Entre quelques mezzés et verres de la célèbre bière Taybeh, Carlos nous invite à écouter une chanson de la révolution portugaise des œillets. Nous avons tous les larmes aux yeux. Nous continuons avec des chants traditionnels de nos différents pays, je propose une danse bretonne au son des Ramoneurs de Menhirs, à la suite de quoi nos hôtes palestiniens nous enseignent une danse palestinienne. C’est Aghsan, qui a longtemps fait partie d’une troupe de danse professionnelle, qui nous montre les pas. Passons ensuite à la tarentelle du sud de l’Italie. Puis Kelo nous fait écouter une chanson andalouse sur les ouvriers agricoles. Tamam vante les talents d’improvisation de sa grand-mère qui, dit-elle, a inventé le rap. Nous rions beaucoup, pleurons parfois. Les cultures populaires du monde se font écho : chant, danse, poésie, langages universels de l’humanité.

Chatte

Il y a 2 jours, en marchant la nuit depuis le centre-ville, nous avons acheté des fruits sur un stand dans la rue. Juste à côté, il y avait un vieux monsieur qui vendait des friandises, des sortes de churros palestiniens. Il était déçu que personne ne lui en achète. Mais nous lui avons promis de revenir.

Comme promis et dû, nous retournons faire le plein. Ce sont de longs beignets, remplis de sirop de sucre dégoulinant, appelés karabej halab. J’en mets forcément partout, je n’arrive pas à mordre dedans doucement, comme un enfant trop pressé !

Nous sommes tous de vrais gourmands, aussi bien les camarades paysans de la Via Campesina que les amis de l’UAWC, nous ne manquons jamais une occasion de tout goûter.

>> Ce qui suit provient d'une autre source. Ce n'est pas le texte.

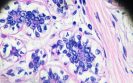 Ribociclib receives NICE recommendation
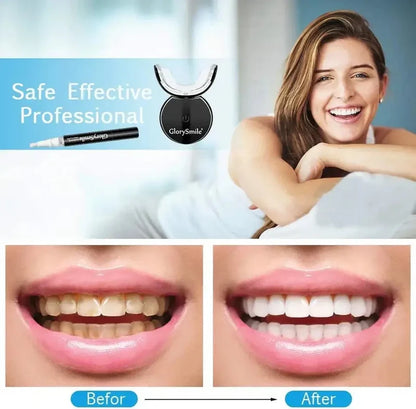 Teeth Whitening Kit — GlorySmile Edition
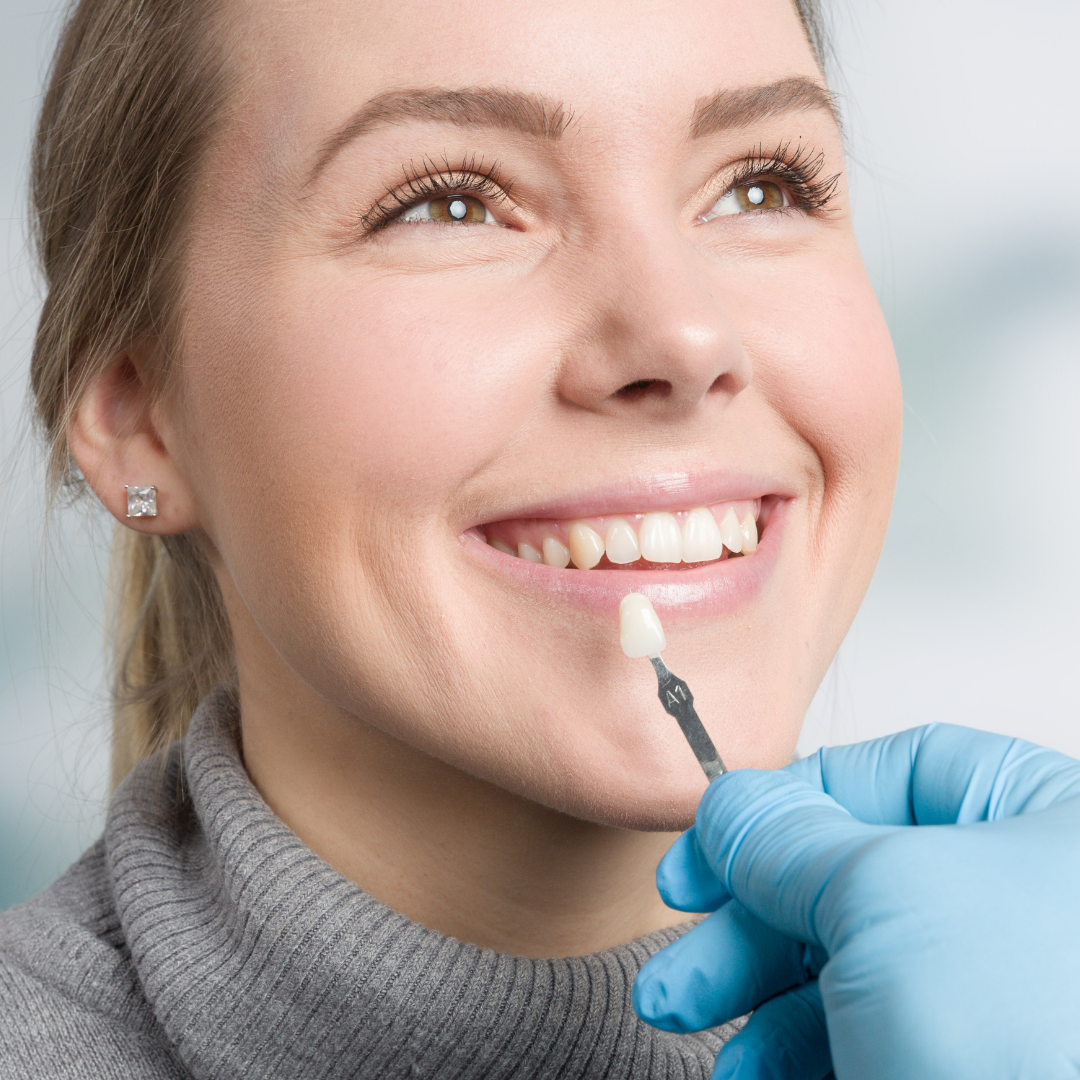 a woman testing veneers color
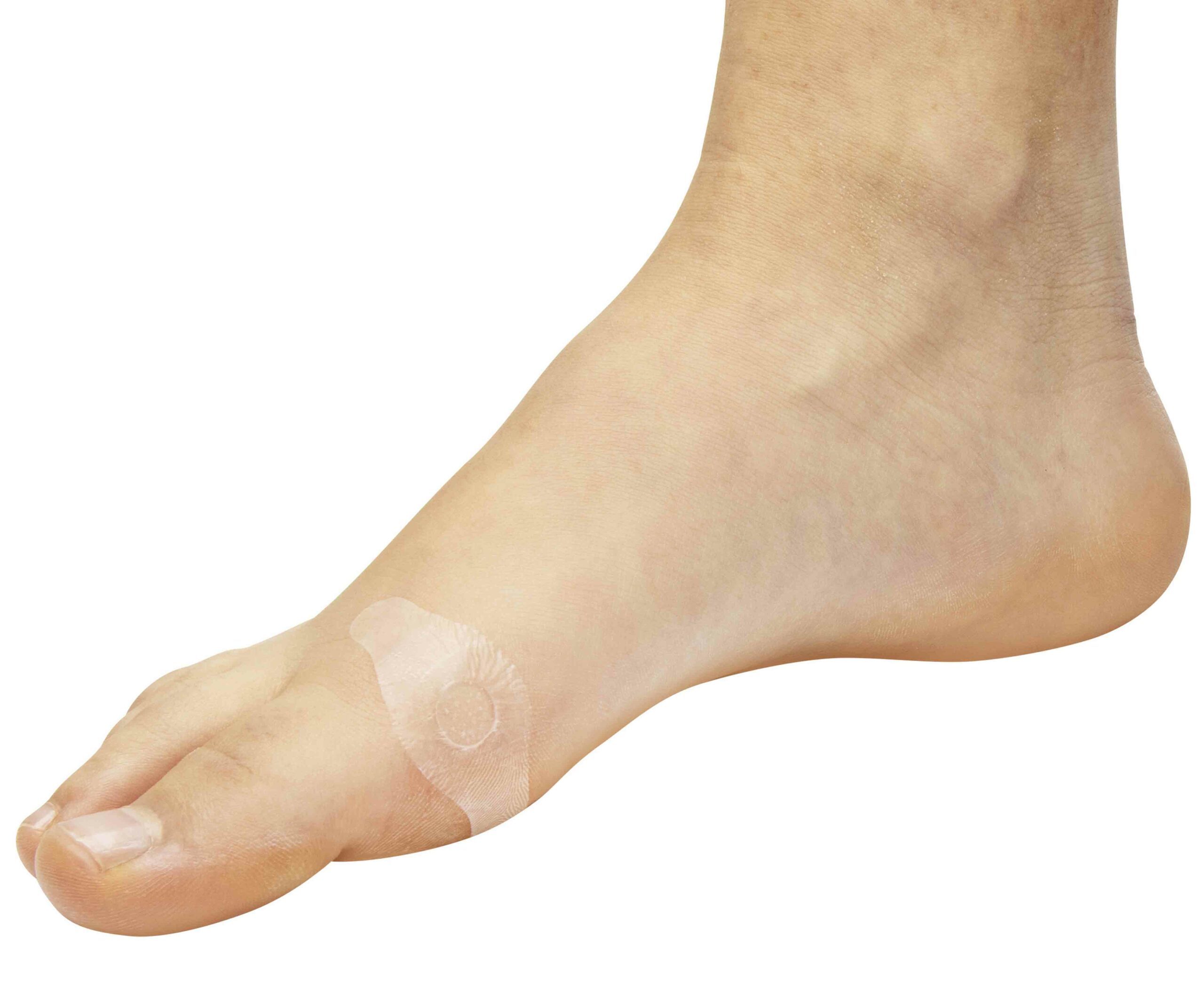 Juanetes En Los Pies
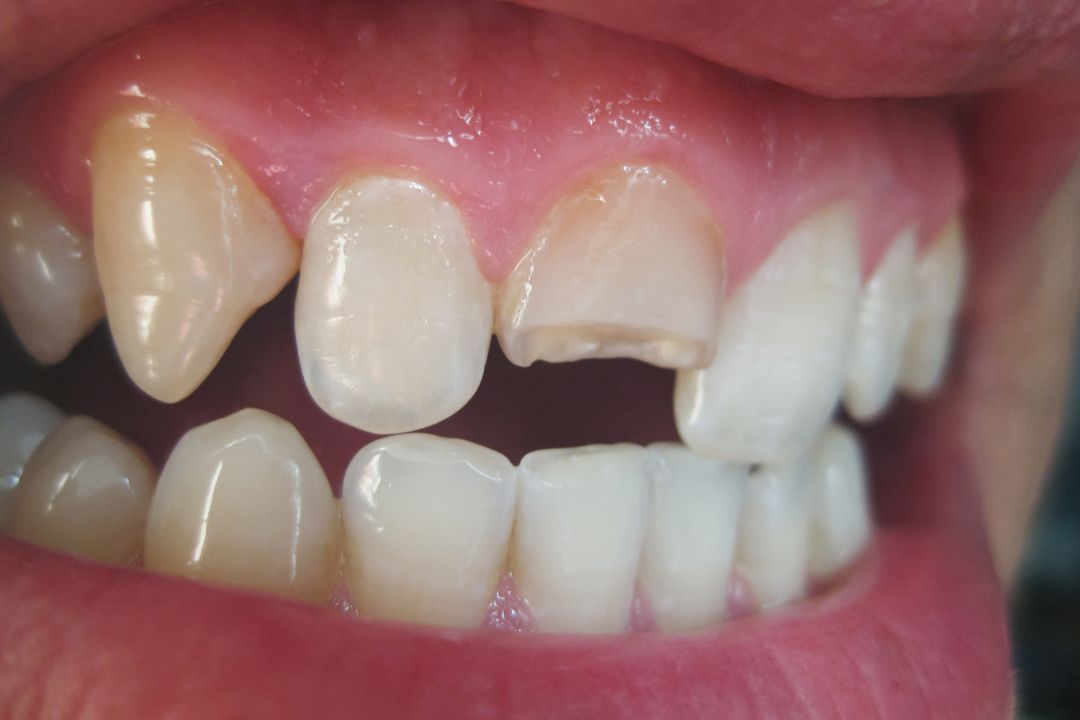 Chipped or Broken Teeth before and after veneers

Nous sommes gourmands et nous aimons rire. Malgré la situation, ou peut-être justement à cause d’elle, on rit beaucoup. On oscille entre des moments de grande tristesse, de déception, de colère, d’incompréhension et de vrais moments de joie, d’humour et de rire. Cela faisait longtemps que je n’avais pas autant ri.

Peut-être intuitivement, c’est notre façon de contrecarrer l’abomination de tout ce que nous voyons, c’est notre façon d’exprimer ensemble notre force vitale. Parce que c’est une certitude, notre capacité à rire, à aimer, à se rencontrer, à nouer des relations, à partager… Ils ne pourront jamais nous l’enlever.

L’incroyable soirée chez Tamam en est une belle démonstration. Nous avons pleuré, dansé, ri et chanté ensemble. Nous nous sommes également confiés. Nous avons partagé une complicité simple et magnifique. Et plusieurs fois dans la soirée, je me suis dit que nous vivions un moment vraiment précieux.

Nous sommes repartis admiratifs de ces jeunes femmes brillantes et fortes, qui ont décidé de rester ou de retourner en Palestine, pour résister et défendre qui elles sont, d’où elles viennent et leur rêve d’un pays libre.